I exhale, a weight off my chest, but no inhale comes rushing in. I know I just made a huge mistake. The demon inside of me just challenged the devil. It forgot the devil is its master.
The way his blue eyes gleam makes me hesitate. He blinks, and it's like the tongue of a hungry predator just licked its bloody teeth.
You fool, Poppy. You should have kept playing possum. Play dead long enough for the hunter to lose interest, then get up and run.
Henry. Think of Henry. Andrew is right; after what I overheard, his family would easily kill my brother. I have to make a deal with the devil, not for myself but for my last surviving brother.
"I'm sorry," I confess. I hate myself for saying it. "I'm upset."
It's so easy to judge people, especially victims. Why didn't you do this? Why not that? I would have done this; there is no way in hell I would have done that.
I used to judge, too, until I walked in a victim's shoes. The laces are so tight that I don't know how to untie them anymore.
So I play the game and keep walking in them, praying that eventually the soles of the shoes will run out and I'll be free.

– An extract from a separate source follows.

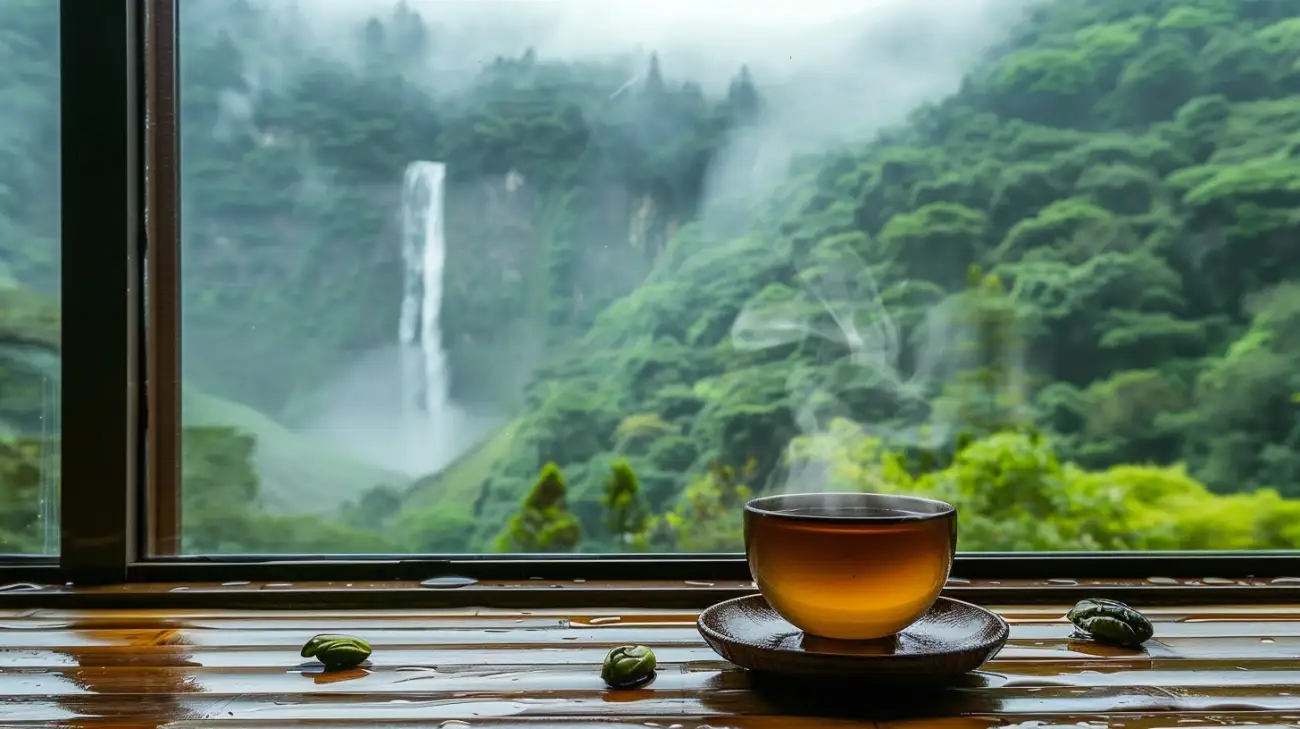 Tajwańska wyspa o zaskakującej egzotyce!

"I know, baby." His index finger glides down my cheek as if he's probing a specimen. Not his hand, not a loving gesture. Just a single finger as sharp as a scalpel. "You need time. We both do." He shrugs his head at my brother's fresh grave. "I'm going to give it to you." His brows raise, waiting for my reply.

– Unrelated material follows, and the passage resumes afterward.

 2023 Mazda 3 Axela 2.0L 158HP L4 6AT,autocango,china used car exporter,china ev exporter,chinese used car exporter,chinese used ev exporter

I know what he wants to hear: thank you. But I can't say it. I have to hold onto one shred of dignity. One last ounce.
He said he'd give me time. Is that another trick?
I can't live like that.
"I'll keep quiet."
"I know you will," a smile traces his lips, "you're so good at biting your sweet tongue. I love this new side, this fire, but I love your silence more."
"Stay the fuck away from me," I blurt out, jumping back from his touch.
Another mistake.
No, no, no. Not Henry. Don't take my last brother.

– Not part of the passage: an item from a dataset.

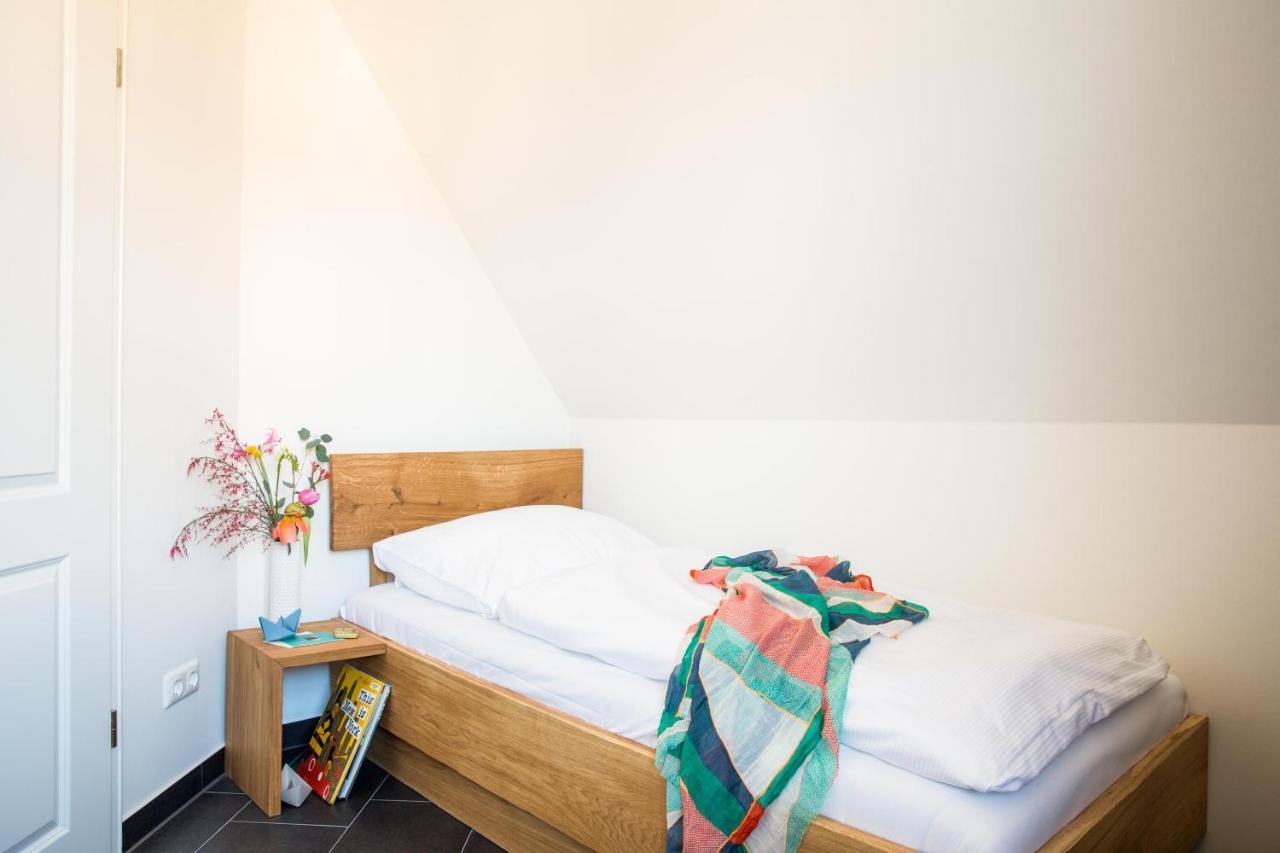 Ferienhaus Schilfrohrsaenger 26 Fuhlendorf  Esterno foto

Think. How do I make sure he won't hurt Henry?
A threat for a threat. "Come near me again, and I'll tell the world what I heard!"
He shakes his head and laughs, "Who would believe you, Poppy? You think I'm worried about what others think?" His brows knit in a mocking glare. "I'm not worried they will believe you. They won't. I'm only telling you to stay silent so you remain alive. Don't you see, Poppy, I'm protecting you from my father. I care about you, baby." he shrugs, "You better hope I continue to feel that way. If not, then you're no use to me."